WHAT THE TASK ASKS: Note on the material below: return exactly the lines from the line that holds "College of Social" through the line that holds "Ski-in - ski-out", and leave out each picture.

RECORDS PROVIDED:
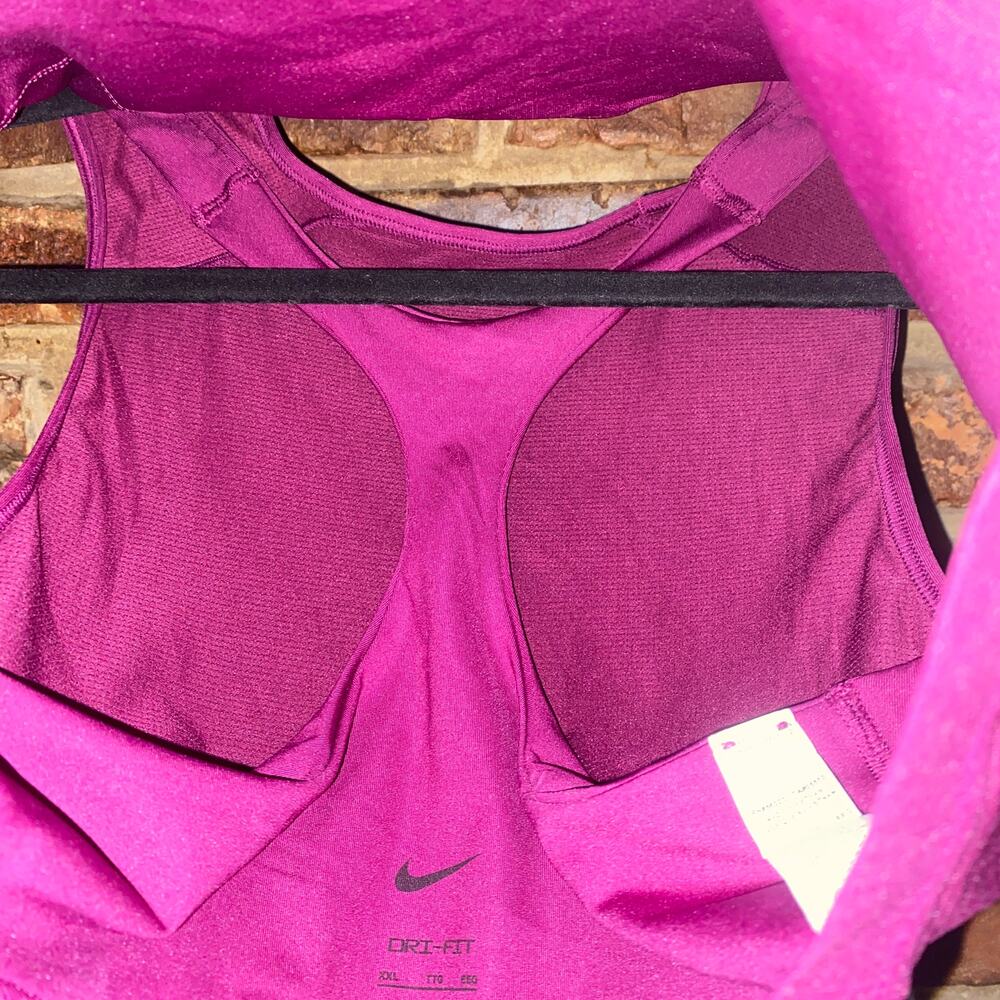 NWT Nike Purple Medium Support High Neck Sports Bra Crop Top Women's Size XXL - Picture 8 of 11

==

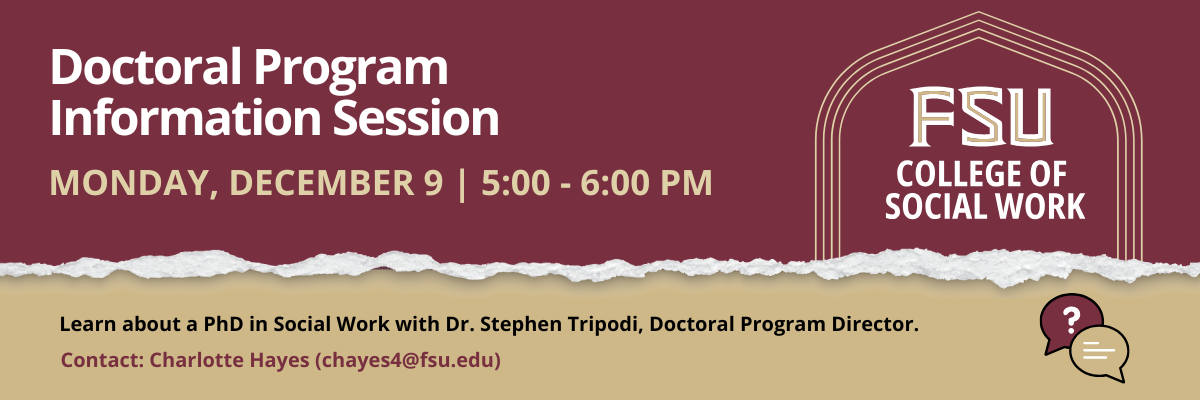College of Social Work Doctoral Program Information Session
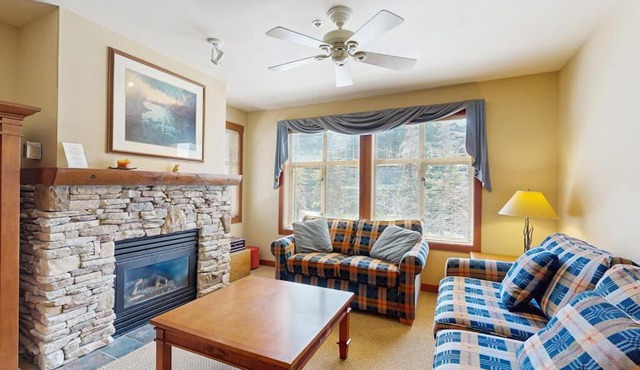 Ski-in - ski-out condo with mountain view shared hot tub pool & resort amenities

ANSWER BOX:
College of Social Work Doctoral Program Information Session
 Ski-in - ski-out condo with mountain view shared hot tub pool & resort amenities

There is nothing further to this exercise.